I never think of Alsace and Lorraine that I do not recall the statue in the Place de la Concorde, with gay coloured wreaths looking more like a festival of joy than mourning,—in fact I never think of Paris mourning for anything, from a relative to a dead dog, that I can keep my countenance.
On the Jour des Morts, I once went to the Pere-Lachaise and found in the family lot of a duchesse with a grand name, a stuffed dog of the rare old breed known as mongrel. In America he would have slouched at the heels of a stevedore—or any sort of a man who shuffles in his walk and smokes a short black pipe. But this yellow cur was in a glass case mounted on a marble pedestal, and his yellowness in life was represented by a coat of small yellow beads put on in patches where the hair had disappeared. His yellow glass eyes peered staringly at the passer-by and his tomb was literally heaped with expensive couronnes tied with long streamers of crape, while couronnes on the grass-grown tomb of the defunct husband of the duchesse, buried in the back of the lot behind the dog, were conspicuous by their absence. I wondered if the widow took this ingenious method of publishing to the world that in life her husband had been less to her than her dog.

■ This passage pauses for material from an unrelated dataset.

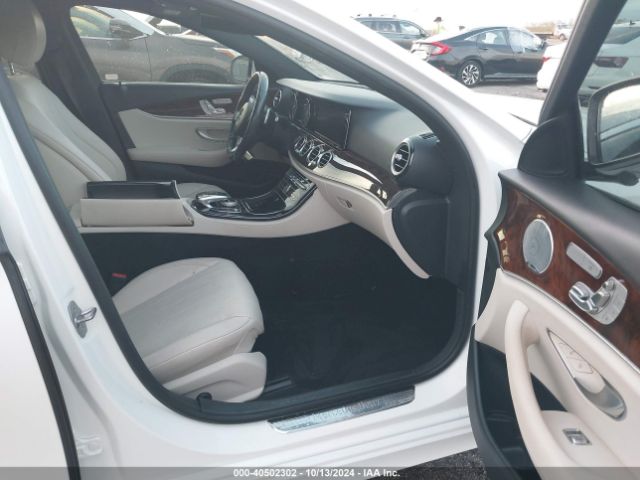 WDDZF4KB5HA201237 Mercedes-Benz E 300 4matic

Paris crape is this slippery, shiny sort of stuff, like thin haircloth—the kind they used to cover furniture with. It is made up into “costumes” which have such an air of fashion that the deceased relative is instantly forgotten in one’s interest in the cut and fit of the gown. A butterfly of a bonnet, a tiny face veil coming just to the tip of the nose, with the long one in the back sweeping almost to the ground, completes a picture of such a jaunty grief, such a saucy sorrow, that one would be quite willing to lose one or two distant relatives in order to be clad in such a manner.